- _Exercise goal_
Of the lines below, write out exactly those from the line with "Connect App contactinformatie" through the line with "SUNNIVA® 920W Balkonkraftwerk", both included, and skip the rest.

- _Extracted records_
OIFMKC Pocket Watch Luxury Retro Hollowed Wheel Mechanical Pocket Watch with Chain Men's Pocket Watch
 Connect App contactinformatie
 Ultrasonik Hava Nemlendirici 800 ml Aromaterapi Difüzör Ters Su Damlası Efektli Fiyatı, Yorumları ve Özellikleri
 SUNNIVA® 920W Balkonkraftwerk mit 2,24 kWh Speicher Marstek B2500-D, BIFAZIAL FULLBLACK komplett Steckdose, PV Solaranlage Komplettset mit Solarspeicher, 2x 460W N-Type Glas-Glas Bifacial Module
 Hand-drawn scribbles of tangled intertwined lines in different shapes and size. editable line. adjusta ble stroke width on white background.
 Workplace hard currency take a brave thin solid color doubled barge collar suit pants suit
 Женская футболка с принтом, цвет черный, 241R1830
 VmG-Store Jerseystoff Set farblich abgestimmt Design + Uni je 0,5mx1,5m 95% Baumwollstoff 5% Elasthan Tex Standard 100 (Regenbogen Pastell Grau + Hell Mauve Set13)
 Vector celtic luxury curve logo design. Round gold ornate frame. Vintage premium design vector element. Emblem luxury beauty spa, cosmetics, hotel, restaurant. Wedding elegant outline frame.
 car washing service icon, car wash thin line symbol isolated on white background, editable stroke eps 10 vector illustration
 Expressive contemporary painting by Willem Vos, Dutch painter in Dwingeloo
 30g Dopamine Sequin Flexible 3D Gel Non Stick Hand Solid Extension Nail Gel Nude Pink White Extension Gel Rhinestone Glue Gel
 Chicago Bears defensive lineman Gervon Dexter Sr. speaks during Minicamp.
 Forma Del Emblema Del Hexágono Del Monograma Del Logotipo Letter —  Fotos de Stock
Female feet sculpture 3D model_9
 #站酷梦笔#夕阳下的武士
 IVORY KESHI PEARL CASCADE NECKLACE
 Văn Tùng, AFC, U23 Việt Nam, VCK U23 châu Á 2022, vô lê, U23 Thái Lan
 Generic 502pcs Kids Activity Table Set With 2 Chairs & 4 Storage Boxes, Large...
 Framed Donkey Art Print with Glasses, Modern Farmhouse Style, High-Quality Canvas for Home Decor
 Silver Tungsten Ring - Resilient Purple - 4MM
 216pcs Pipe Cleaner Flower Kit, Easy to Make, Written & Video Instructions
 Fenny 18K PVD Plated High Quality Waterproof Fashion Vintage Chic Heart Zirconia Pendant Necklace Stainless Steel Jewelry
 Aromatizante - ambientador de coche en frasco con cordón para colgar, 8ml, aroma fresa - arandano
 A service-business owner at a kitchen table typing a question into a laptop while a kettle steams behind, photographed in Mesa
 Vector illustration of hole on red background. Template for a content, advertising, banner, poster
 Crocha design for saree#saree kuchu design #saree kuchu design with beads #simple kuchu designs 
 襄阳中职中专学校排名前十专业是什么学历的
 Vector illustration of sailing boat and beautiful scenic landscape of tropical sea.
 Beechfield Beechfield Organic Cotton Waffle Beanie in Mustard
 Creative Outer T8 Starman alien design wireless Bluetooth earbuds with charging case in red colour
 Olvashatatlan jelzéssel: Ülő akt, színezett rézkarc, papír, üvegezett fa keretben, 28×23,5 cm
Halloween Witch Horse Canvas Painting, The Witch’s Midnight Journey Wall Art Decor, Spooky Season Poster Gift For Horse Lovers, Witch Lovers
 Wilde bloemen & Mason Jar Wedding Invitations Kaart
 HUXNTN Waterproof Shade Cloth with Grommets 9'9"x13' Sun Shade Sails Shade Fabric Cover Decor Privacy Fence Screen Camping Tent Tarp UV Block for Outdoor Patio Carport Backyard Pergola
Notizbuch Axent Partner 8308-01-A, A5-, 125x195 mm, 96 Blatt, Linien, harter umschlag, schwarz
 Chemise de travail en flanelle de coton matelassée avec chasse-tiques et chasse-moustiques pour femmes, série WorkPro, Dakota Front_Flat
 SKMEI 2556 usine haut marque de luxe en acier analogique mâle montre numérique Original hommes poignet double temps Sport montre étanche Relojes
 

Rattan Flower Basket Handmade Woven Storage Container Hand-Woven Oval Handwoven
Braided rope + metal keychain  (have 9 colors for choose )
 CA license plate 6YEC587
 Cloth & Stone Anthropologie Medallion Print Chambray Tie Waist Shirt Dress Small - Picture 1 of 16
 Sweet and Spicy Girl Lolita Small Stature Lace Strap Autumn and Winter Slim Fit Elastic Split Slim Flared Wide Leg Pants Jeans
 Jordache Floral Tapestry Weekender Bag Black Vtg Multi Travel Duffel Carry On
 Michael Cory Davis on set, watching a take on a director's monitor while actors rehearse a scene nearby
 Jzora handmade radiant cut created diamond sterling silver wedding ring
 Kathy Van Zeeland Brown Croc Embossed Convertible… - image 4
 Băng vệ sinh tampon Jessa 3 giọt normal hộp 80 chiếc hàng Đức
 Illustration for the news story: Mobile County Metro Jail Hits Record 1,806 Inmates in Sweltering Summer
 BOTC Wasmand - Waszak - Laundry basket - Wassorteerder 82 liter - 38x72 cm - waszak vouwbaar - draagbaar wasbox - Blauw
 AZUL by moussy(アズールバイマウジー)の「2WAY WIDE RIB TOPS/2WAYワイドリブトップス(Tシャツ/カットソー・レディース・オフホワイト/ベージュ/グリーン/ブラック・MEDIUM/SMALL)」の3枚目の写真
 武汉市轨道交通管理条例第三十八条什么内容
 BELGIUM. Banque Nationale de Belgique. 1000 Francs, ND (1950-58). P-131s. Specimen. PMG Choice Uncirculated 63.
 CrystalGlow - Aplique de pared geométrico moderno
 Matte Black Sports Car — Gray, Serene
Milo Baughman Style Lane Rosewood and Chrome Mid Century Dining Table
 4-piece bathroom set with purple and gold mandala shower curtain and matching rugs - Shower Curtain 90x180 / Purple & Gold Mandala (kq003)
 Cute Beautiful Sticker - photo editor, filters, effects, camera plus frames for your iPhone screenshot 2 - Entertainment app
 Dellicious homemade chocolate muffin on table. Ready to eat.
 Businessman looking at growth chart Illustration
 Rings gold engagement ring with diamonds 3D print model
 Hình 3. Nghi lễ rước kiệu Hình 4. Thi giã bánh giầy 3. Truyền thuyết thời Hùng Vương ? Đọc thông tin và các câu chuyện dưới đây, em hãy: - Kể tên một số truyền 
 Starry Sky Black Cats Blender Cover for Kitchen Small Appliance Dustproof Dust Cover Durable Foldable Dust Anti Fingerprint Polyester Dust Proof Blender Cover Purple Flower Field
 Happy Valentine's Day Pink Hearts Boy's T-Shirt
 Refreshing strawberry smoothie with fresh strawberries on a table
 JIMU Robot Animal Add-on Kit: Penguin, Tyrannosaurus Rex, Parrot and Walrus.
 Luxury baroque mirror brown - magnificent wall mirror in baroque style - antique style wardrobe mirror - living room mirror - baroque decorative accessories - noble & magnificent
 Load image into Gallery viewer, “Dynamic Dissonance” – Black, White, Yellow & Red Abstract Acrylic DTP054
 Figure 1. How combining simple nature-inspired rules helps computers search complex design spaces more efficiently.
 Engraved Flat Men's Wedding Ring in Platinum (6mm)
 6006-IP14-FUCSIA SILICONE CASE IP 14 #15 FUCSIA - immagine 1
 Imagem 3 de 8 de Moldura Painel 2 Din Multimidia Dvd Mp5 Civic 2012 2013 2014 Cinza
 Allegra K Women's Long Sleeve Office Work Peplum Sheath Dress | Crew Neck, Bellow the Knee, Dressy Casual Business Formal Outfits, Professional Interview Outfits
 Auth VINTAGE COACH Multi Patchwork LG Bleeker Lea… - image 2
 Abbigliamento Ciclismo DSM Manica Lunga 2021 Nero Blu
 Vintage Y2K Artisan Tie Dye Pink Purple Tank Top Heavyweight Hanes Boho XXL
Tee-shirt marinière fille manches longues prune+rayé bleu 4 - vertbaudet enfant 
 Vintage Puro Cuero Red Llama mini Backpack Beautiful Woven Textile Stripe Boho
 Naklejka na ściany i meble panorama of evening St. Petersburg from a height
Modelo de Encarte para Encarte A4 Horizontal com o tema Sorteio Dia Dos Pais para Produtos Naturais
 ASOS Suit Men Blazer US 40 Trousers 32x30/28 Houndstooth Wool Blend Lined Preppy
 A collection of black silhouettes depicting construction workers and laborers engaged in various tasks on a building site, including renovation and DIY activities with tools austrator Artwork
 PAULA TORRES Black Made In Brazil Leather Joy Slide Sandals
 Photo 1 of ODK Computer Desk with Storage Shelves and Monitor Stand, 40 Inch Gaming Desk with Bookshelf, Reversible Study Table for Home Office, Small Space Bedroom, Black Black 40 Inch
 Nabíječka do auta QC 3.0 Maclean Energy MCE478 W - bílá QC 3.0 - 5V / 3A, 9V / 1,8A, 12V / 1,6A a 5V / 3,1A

- _Solution to the exercise_
 Connect App contactinformatie
 Ultrasonik Hava Nemlendirici 800 ml Aromaterapi Difüzör Ters Su Damlası Efektli Fiyatı, Yorumları ve Özellikleri
 SUNNIVA® 920W Balkonkraftwerk mit 2,24 kWh Speicher Marstek B2500-D, BIFAZIAL FULLBLACK komplett Steckdose, PV Solaranlage Komplettset mit Solarspeicher, 2x 460W N-Type Glas-Glas Bifacial Module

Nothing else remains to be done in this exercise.